Si anduviera por los años setenta, tiraría enérgicamente del folio, liberándolo del negro caucho del rodillo de mi máquina de escribir, para acto seguido, como cruel verdugo, rasgarlo en pedazos carentes de forma que verían su fin en el fondo de la papelera. Pero me encuentro en pleno siglo XXI y ante mí, impávido, un blanco resplandece. Es el brillo eléctrico de la pantalla de plasma, el monitor de una computadora, que mal nombramos etiquetándola como ordenador. Este trasto jubiló a mi entrañable “Olivetti”, postergándola en el segundo anaquel de la librería.
El ordenador, es un artilugio fragmentado. Sus fracciones conectadas mediante cables han conseguido que, si no me gusta lo escrito, si me equivoco, basta con oprimir la tecla “Supr” y eliminado; si dudo de la ortografía no tengo porque buscar en el tocho del diccionario, en dos segundos un tal Google clarifica mis vacilaciones. Puedo reducir, ampliar, cortar, copiar, pegar, consultar, modificar…Tan solo un gesto de mi dedo índice y mil y una posibilidades se despliegan frente a mis atónitas pupilas.
            Con tanto adelanto debería de escribir de corrido, sin embargo no es así.
            Devano mi sesera en busca de un relato increíble, inaudito, pero las ideas se desparraman por entre los surcos de mis lóbulos, dejándome con la mente inmaculada.

            Esto de escribir es un sentimiento, profundo y etéreo al mismo tiempo. Es un estado de ánimo semejante al que padece un enamorado.
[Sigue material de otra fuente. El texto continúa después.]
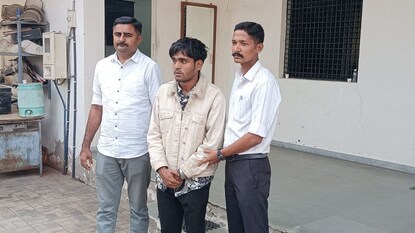 પોલીસે તપાસ હાથ ધરી આરોપીને ઝડપી લીધો છે.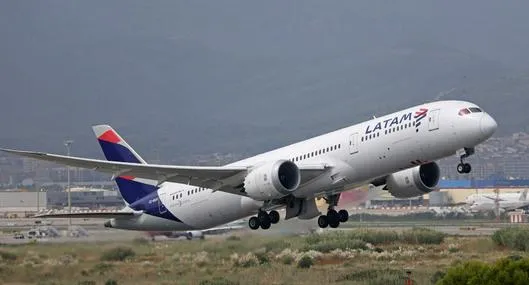 Aparece video de cómo helicóptero cruzó por El Dorado y casi causa tragedia con avión de Latam que abortó despegue.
Es una historia de amor eterno, donde las ausencias languidecen en ceniceros repletos de colillas, donde las infidelidades distorsionan el alma, donde los arrebatos devuelven el aire y se empieza a respirar henchido, donde al colocar el punto y final, el espíritu toca con la punta de sus dedos un clímax que creyó inalcanzable.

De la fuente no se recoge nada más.